- **Material provided**:

|---|

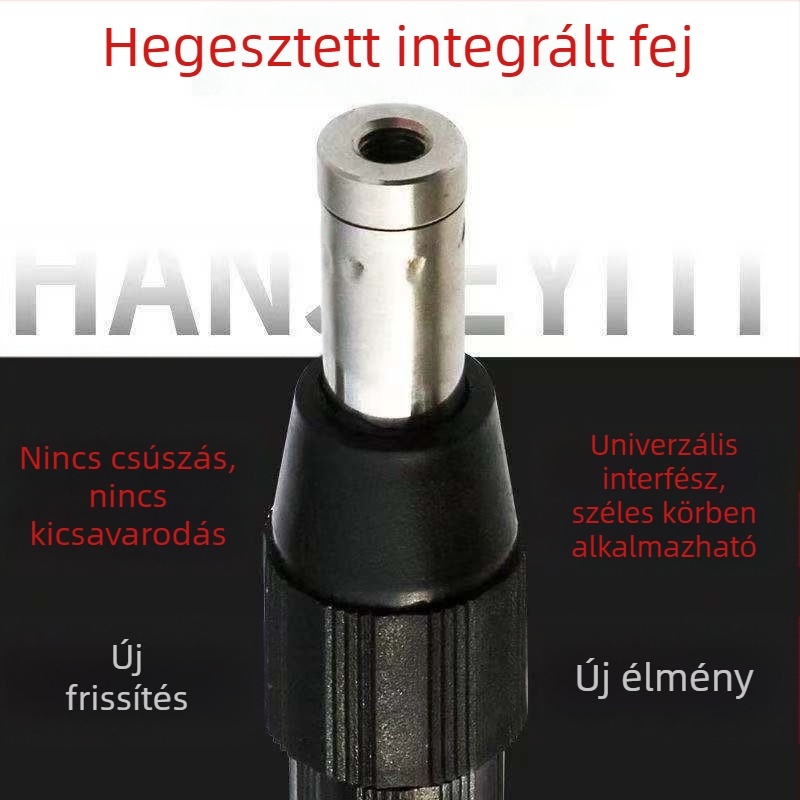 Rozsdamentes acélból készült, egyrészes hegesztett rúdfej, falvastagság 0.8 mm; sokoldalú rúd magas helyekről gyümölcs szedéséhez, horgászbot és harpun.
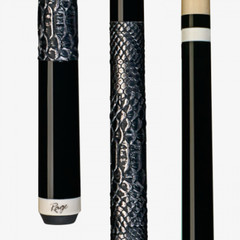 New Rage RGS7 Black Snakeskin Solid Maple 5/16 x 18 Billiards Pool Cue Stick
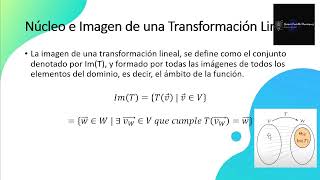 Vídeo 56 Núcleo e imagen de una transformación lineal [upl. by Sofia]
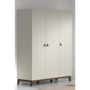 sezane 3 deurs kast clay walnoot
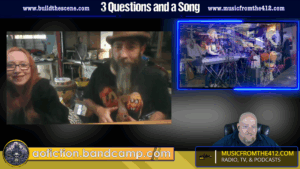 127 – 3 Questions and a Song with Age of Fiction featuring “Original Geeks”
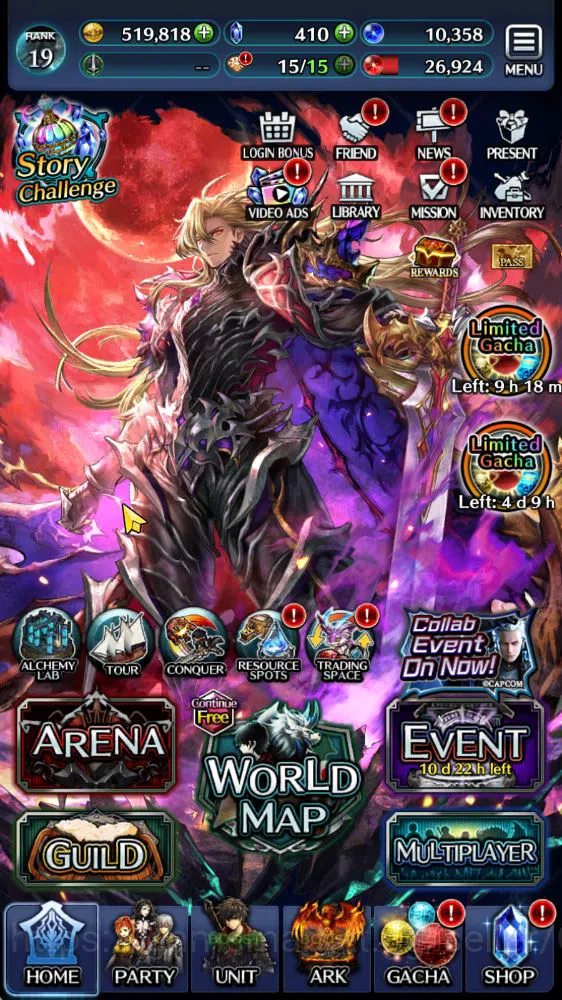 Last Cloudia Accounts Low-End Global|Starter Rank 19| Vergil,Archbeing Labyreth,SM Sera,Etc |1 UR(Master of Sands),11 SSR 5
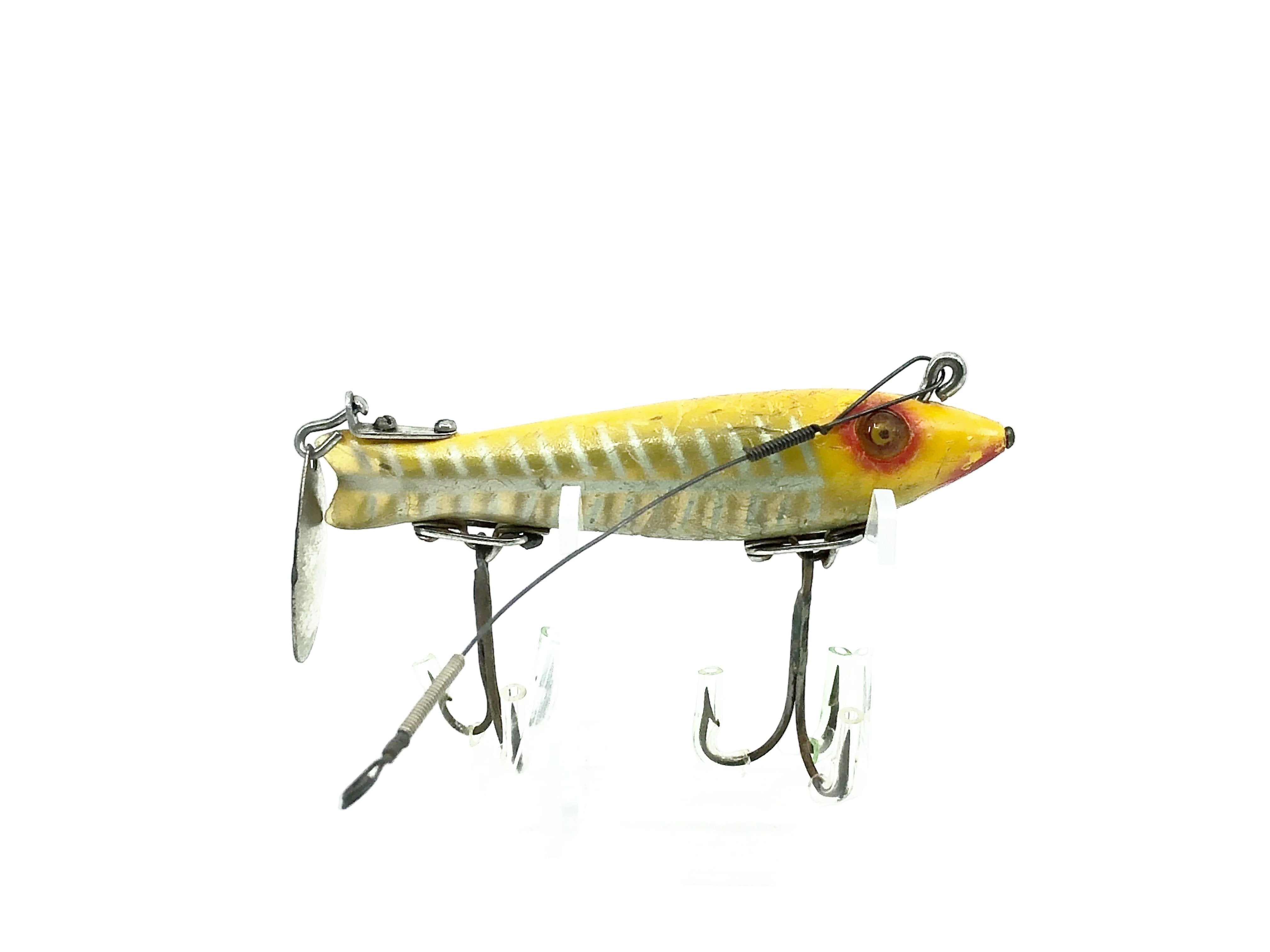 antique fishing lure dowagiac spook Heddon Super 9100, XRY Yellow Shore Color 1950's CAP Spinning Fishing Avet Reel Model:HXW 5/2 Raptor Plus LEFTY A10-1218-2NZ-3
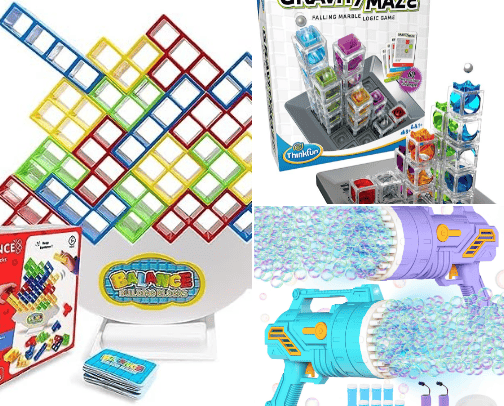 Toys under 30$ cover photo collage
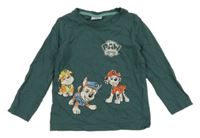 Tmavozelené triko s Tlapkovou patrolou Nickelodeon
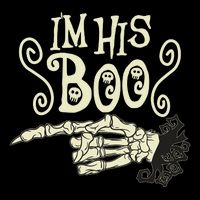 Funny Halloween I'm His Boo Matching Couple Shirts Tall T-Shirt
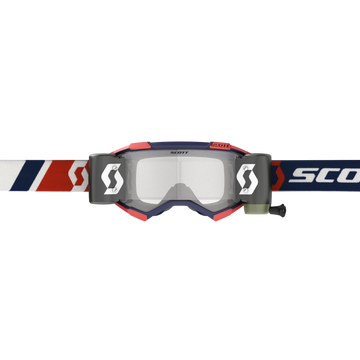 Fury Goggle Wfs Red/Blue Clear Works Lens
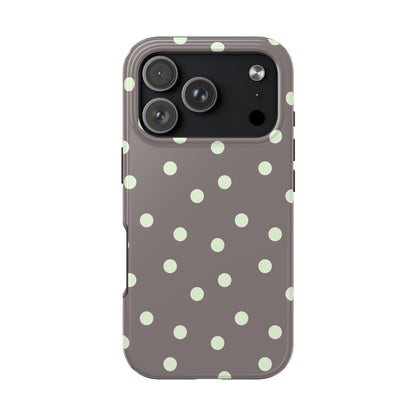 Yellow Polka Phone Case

|---|

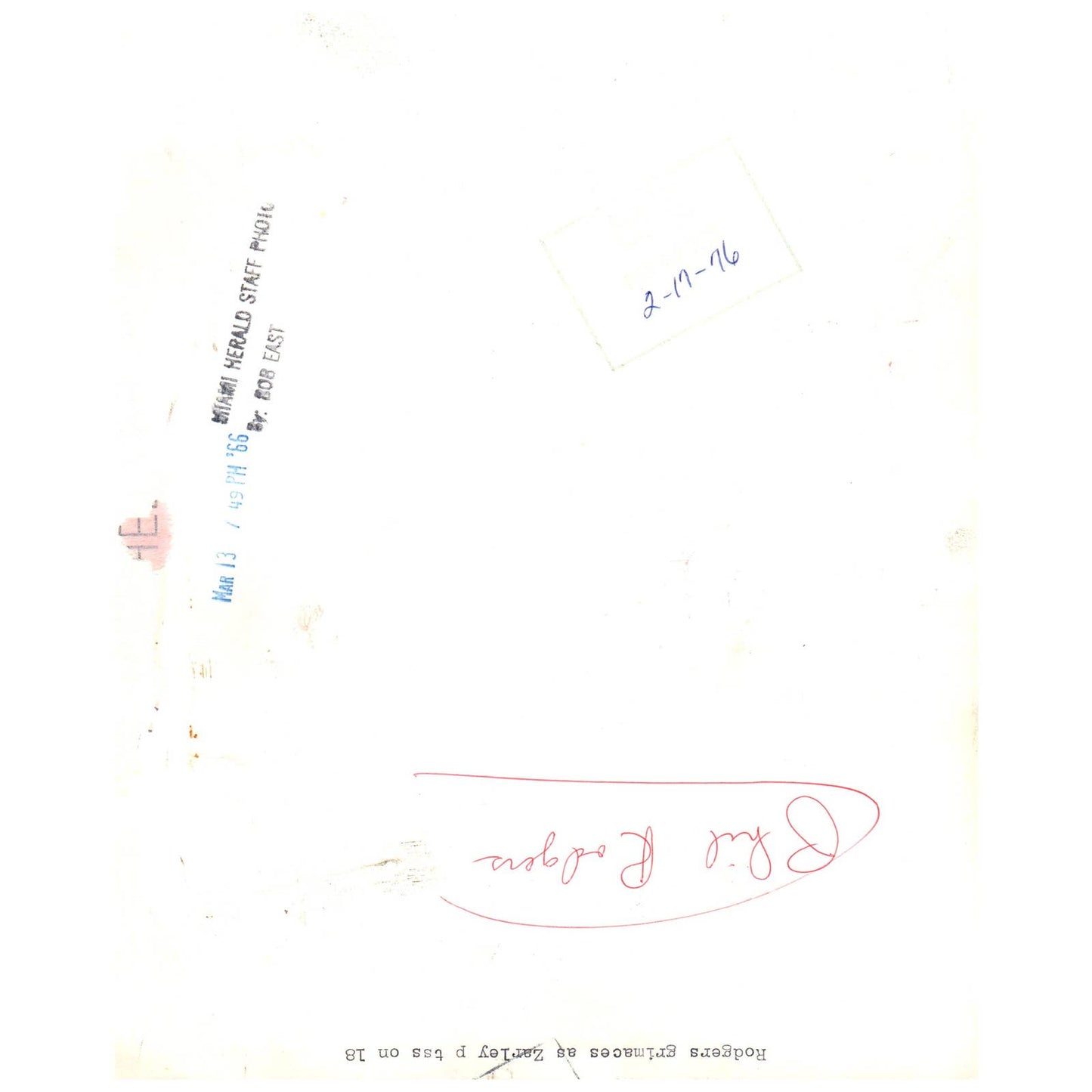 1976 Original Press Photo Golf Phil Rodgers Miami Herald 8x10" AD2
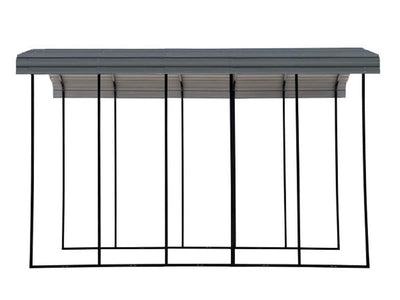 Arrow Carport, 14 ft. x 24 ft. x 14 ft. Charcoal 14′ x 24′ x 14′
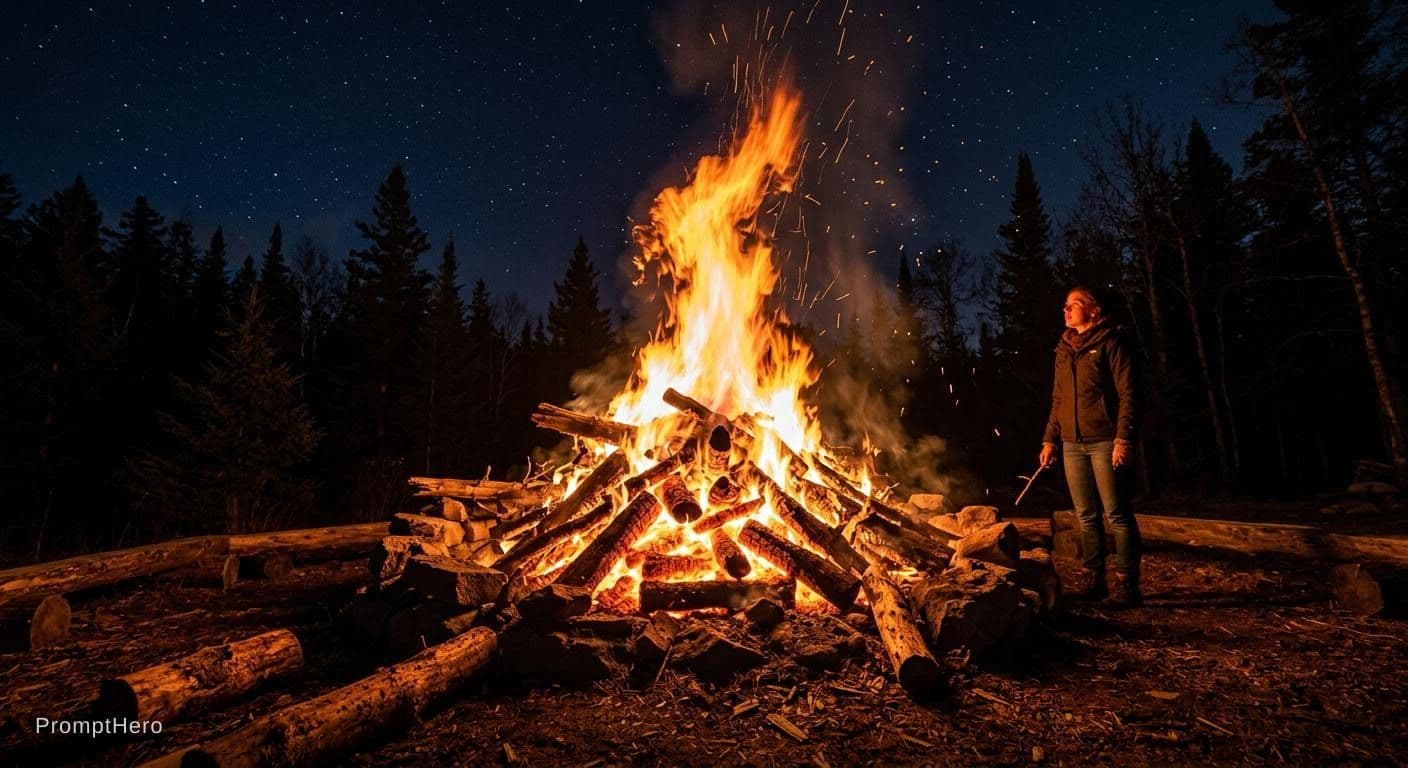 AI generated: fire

|---|

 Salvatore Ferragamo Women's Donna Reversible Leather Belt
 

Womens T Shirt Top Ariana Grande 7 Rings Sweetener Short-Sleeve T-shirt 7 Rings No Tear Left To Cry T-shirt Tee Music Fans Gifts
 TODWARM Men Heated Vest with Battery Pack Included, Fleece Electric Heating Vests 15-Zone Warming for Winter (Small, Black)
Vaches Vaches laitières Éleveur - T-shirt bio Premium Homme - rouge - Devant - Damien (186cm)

|---|

- **Task instructions**:
Look above for the line with "Vídeo 56 Núcleo", then give again exactly every line from there through the line with "127 – 3 Questions", skipping the pictures.

- **Response below**:
 Vídeo 56 Núcleo e imagen de una transformación lineal [upl. by Sofia]
 sezane 3 deurs kast clay walnoot
 127 – 3 Questions and a Song with Age of Fiction featuring “Original Geeks”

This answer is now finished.